Hoyer Honors 50th Anniversary of the Paul Hall Center For Maritime Training And Education
Today, Congressman Steny H. Hoyer (MD-05) submitted a statement into the Congressional Record honoring the 50th anniversary of the Paul Hall Center for Maritime Training and Education, located in Piney Point, Maryland.
“I’m proud to congratulate the Paul Hall Center for Maritime Training and Education on their 50th anniversary,” said Congressman Hoyer. “As one of the top schools for merchant mariners in the United States, the Center has provided cutting-edge training to tens of thousands of mariners since 1967. The Fifth District is lucky to be home to such an esteemed institution, which has contributed greatly to our local economy and national defense. I join in congratulating the Center on their work over the past fifty years, and I look forward to seeing what the future has in store for this fine institution.”

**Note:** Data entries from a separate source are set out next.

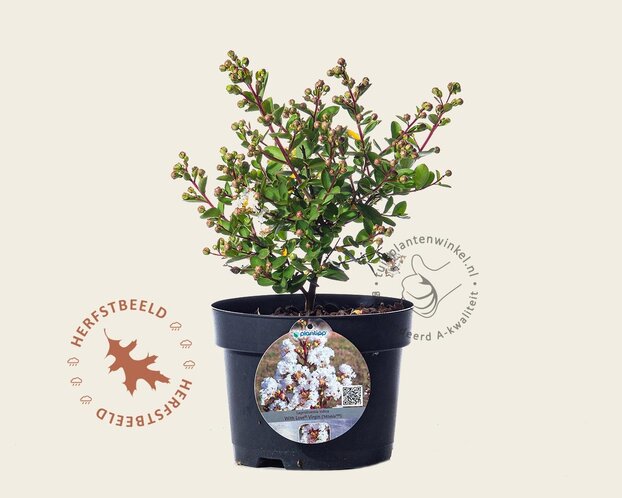 Lagerstroemia indica 'Milabla' (With Love Virgin)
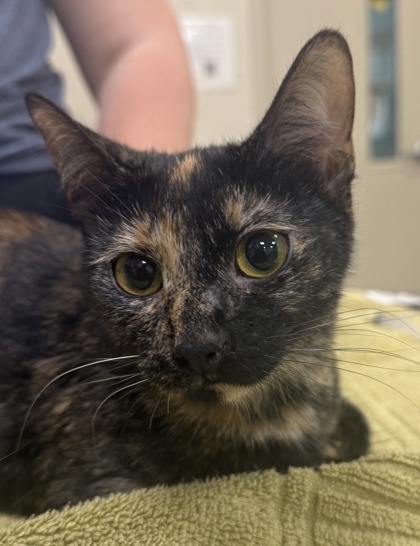 View Luna Jean (bonded To Daisy Jones) the Cat Photo #2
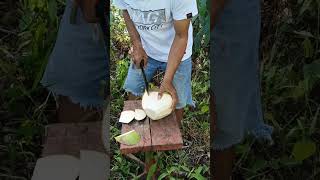 Satisfying cut fresh coconut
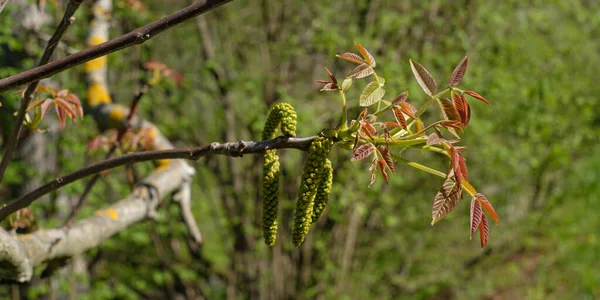 Les Pousses Les Fleurs Sur Noyer Jugans Regia — Photo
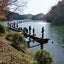 画像 初心者大歓迎！へたやけどひつこいで!日本一の管理釣り場を目指す嵐山FAのブログ。のユーザープロフィール画像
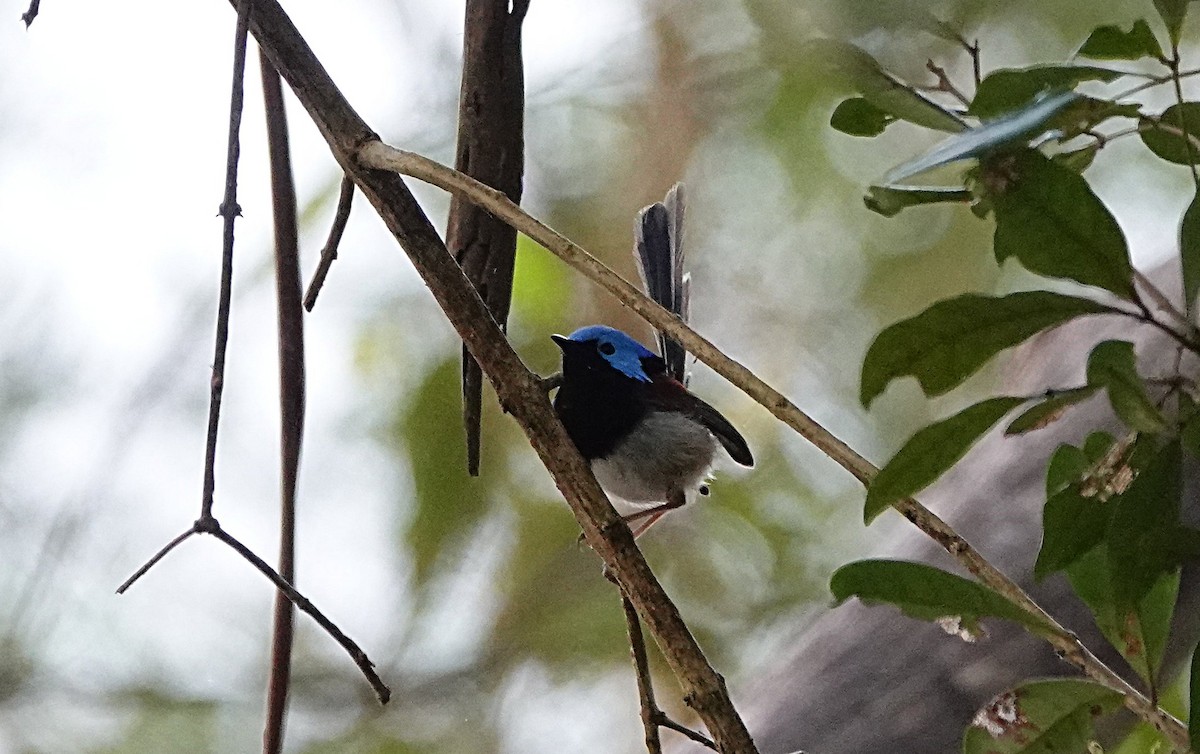 Variegated Fairywren - ML641964300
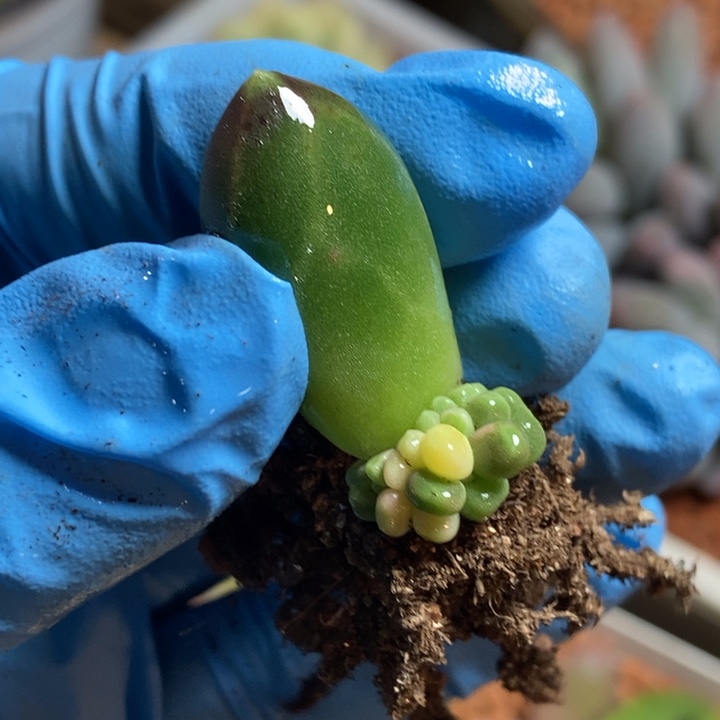 千代田之松锦多肉植物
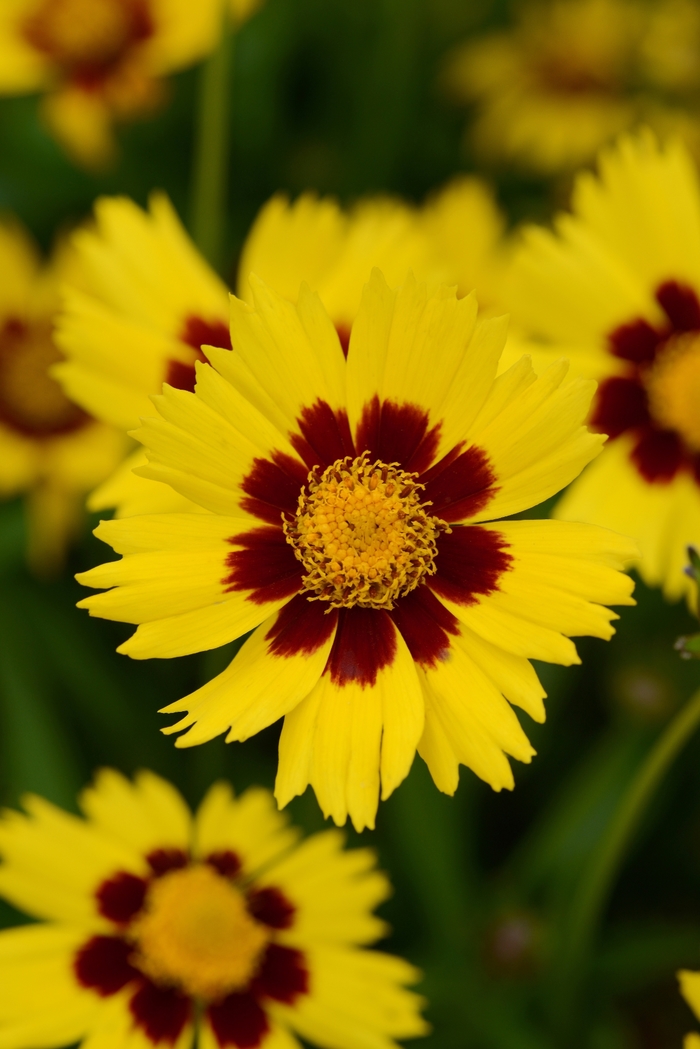 'SunKiss' Tickseed - Coreopsis grandiflora from WNLKG Wildwood Nursery LKG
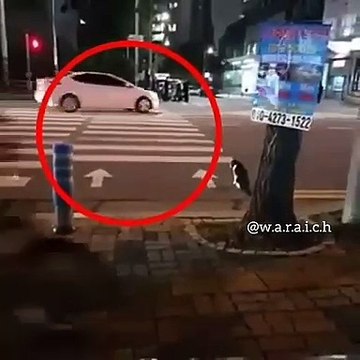 Very intelligent Cat in the world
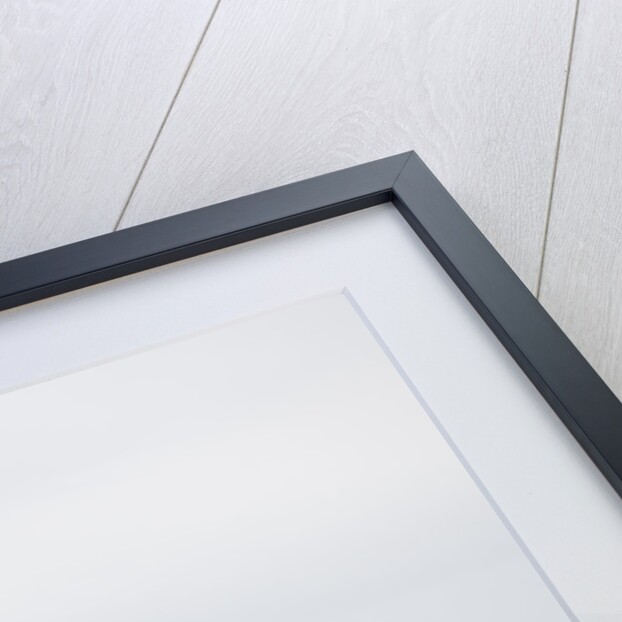 2009 Toyota HiLux pick up truck by Unknown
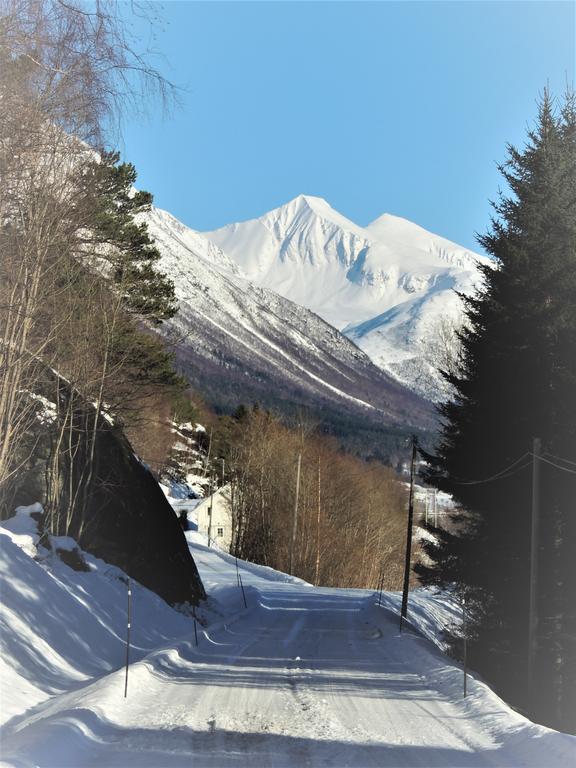 Tindelykke Villa Isfjorden Екстериор снимка
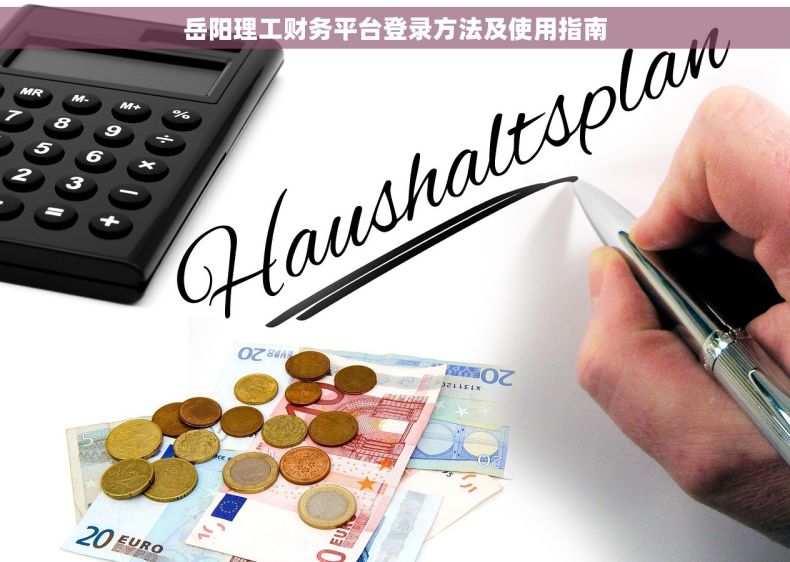 岳阳理工财务平台登录方法及使用指南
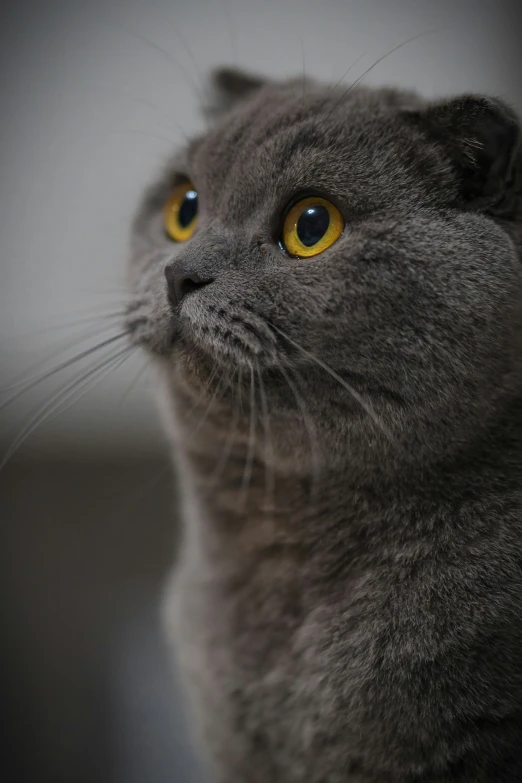 a grey cat with yellow eyes looks upward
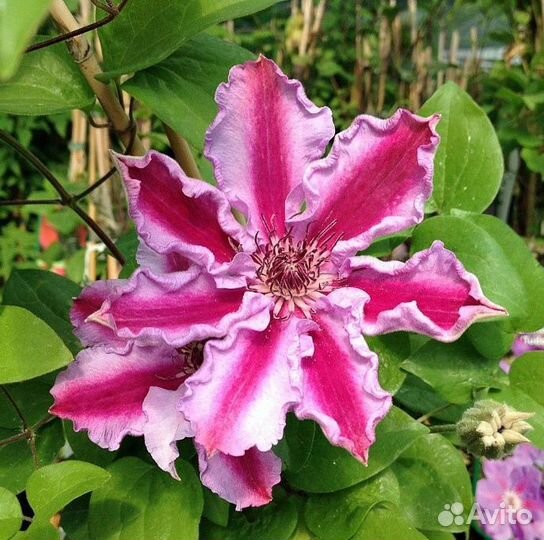 Продаются клематисы окс (открытая корневая )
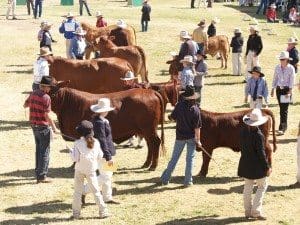 show showing cattle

Founded in 1967 by the late Seafarers International Union President Paul Hall, the Center offers more U.S. Coast Guard-approved training courses than any other school in the nation.
Below are Congressman Hoyer’s full remarks in the Congressional Record:
“Mr. Speaker, I rise to pay tribute on this Floor to the Paul Hall Center for Maritime Training and Education, which is located in Maryland’s Fifth Congressional District. It is one of the leading schools for merchant mariners in the United States and a major contributor to the development and maintenance of our nation’s proud maritime traditions.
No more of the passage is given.